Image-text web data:

•••••

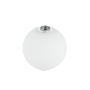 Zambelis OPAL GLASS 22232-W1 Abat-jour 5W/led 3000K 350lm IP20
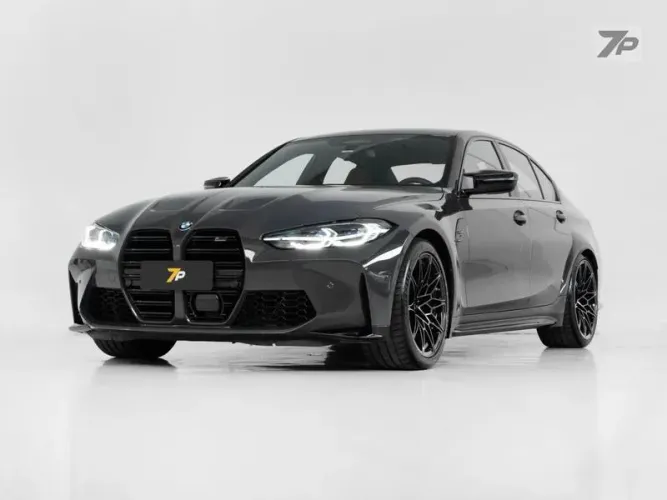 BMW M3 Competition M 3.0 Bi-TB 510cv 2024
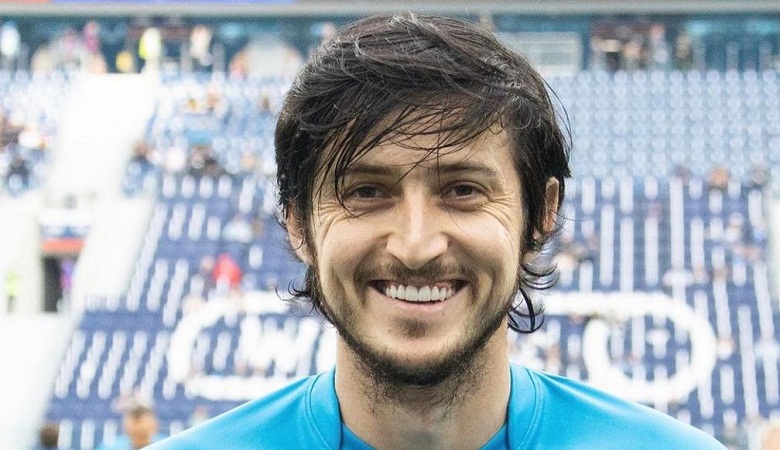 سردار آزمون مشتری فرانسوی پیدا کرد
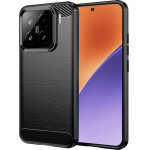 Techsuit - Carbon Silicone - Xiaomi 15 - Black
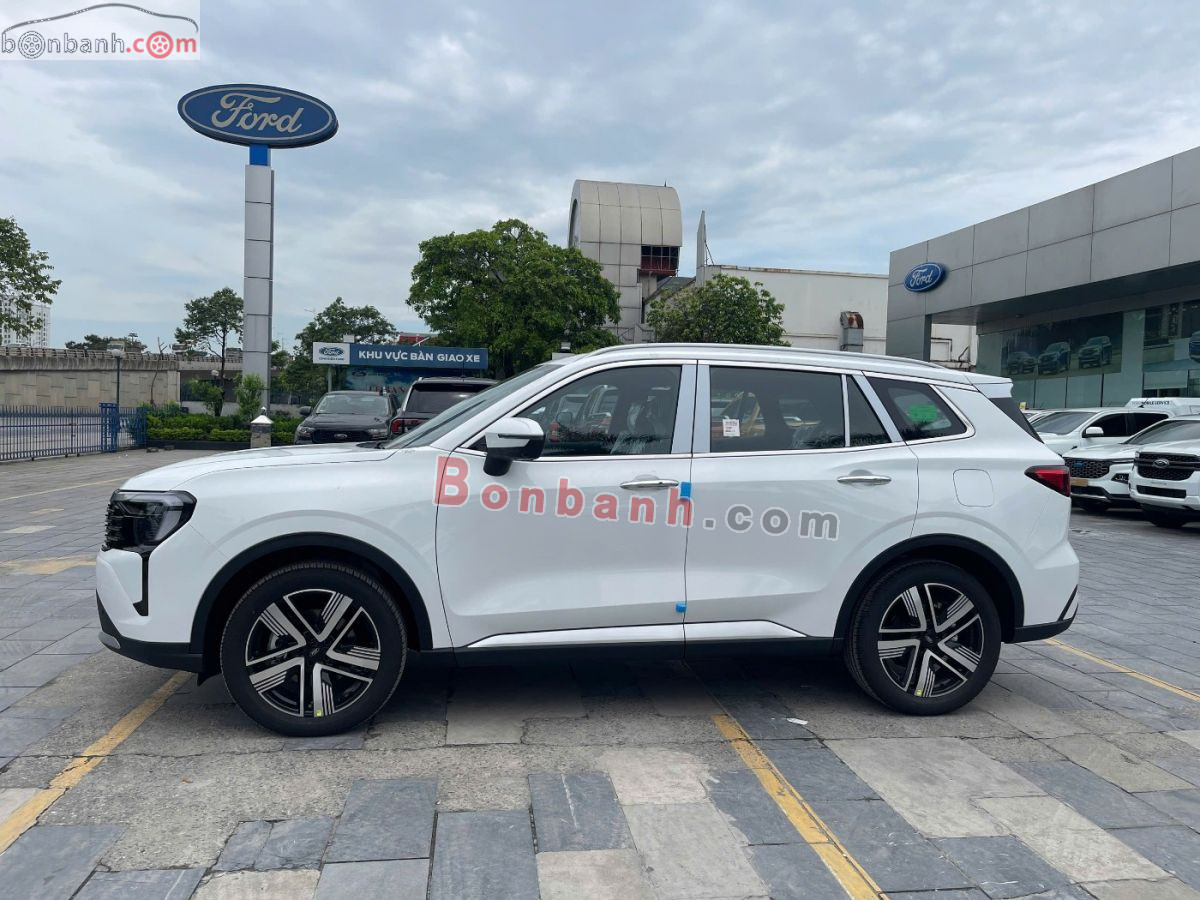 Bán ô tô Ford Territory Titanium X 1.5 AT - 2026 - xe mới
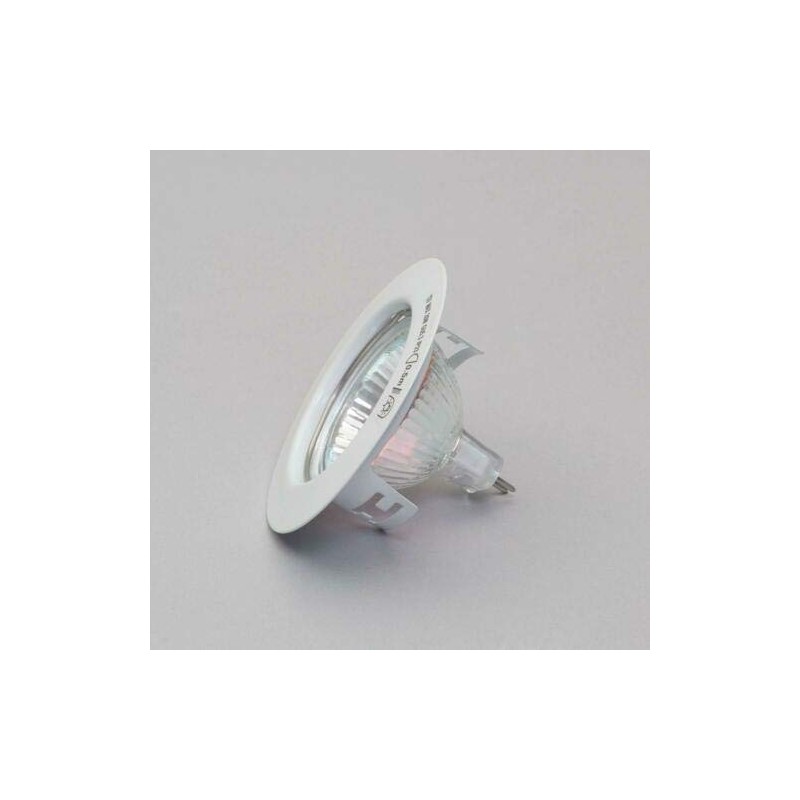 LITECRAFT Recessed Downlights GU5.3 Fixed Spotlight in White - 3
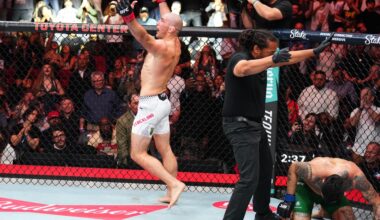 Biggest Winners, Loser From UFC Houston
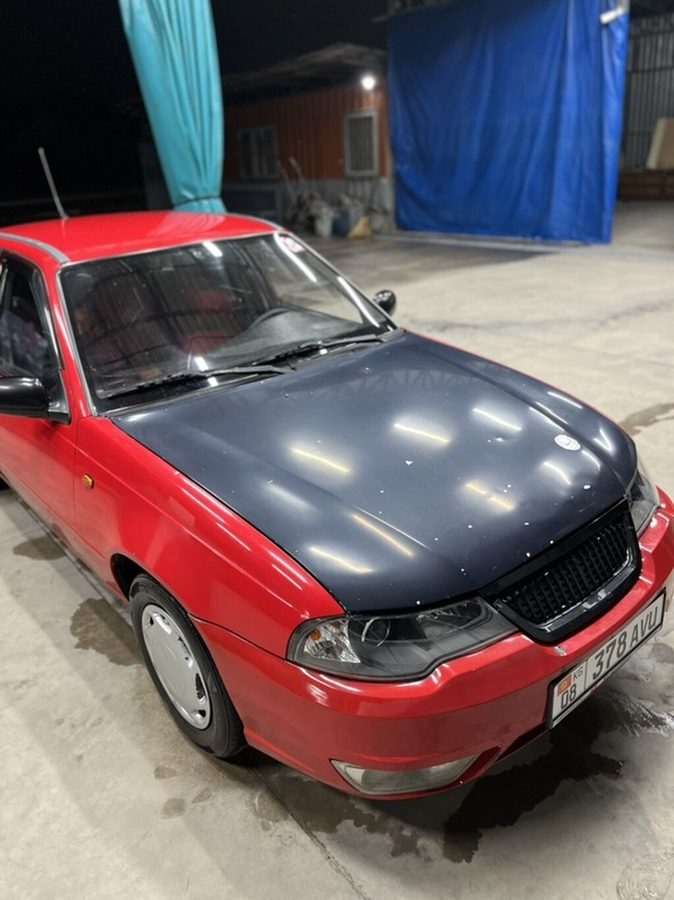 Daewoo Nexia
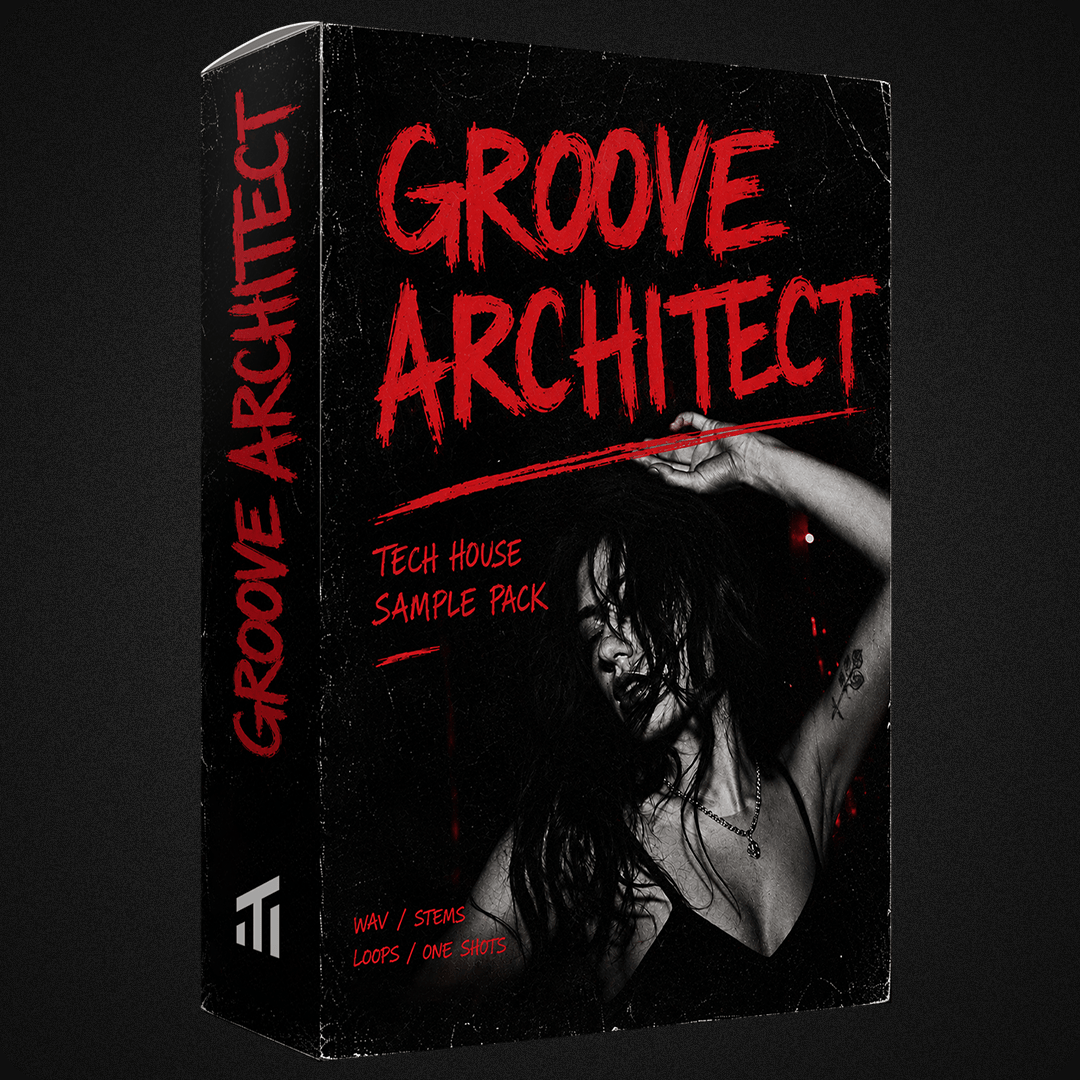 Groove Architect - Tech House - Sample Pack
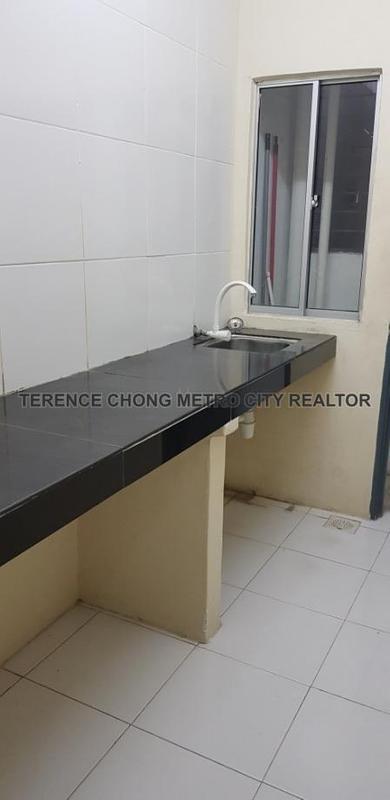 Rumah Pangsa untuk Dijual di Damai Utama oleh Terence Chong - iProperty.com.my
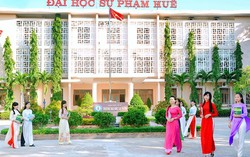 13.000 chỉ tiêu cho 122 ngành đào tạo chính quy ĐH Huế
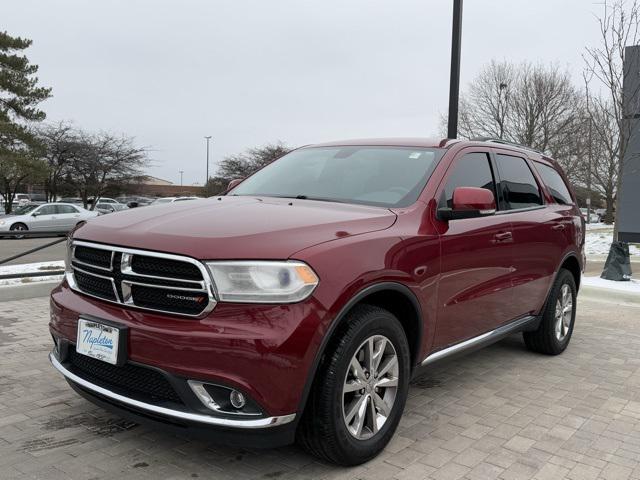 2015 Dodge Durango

•••••

EXERCISE:
Reproduce the lines from the one with "BMW M3 Competition M 3.0 Bi-TB 510cv 2024" through the end of the data, keeping both end lines, adding nothing, and dropping any pictures.

RESULT OF THE EXERCISE:
 BMW M3 Competition M 3.0 Bi-TB 510cv 2024
 سردار آزمون مشتری فرانسوی پیدا کرد
 Techsuit - Carbon Silicone - Xiaomi 15 - Black
 Bán ô tô Ford Territory Titanium X 1.5 AT - 2026 - xe mới
 LITECRAFT Recessed Downlights GU5.3 Fixed Spotlight in White - 3
 Biggest Winners, Loser From UFC Houston
 Daewoo Nexia
 Groove Architect - Tech House - Sample Pack
 Rumah Pangsa untuk Dijual di Damai Utama oleh Terence Chong - iProperty.com.my
 13.000 chỉ tiêu cho 122 ngành đào tạo chính quy ĐH Huế
 2015 Dodge Durango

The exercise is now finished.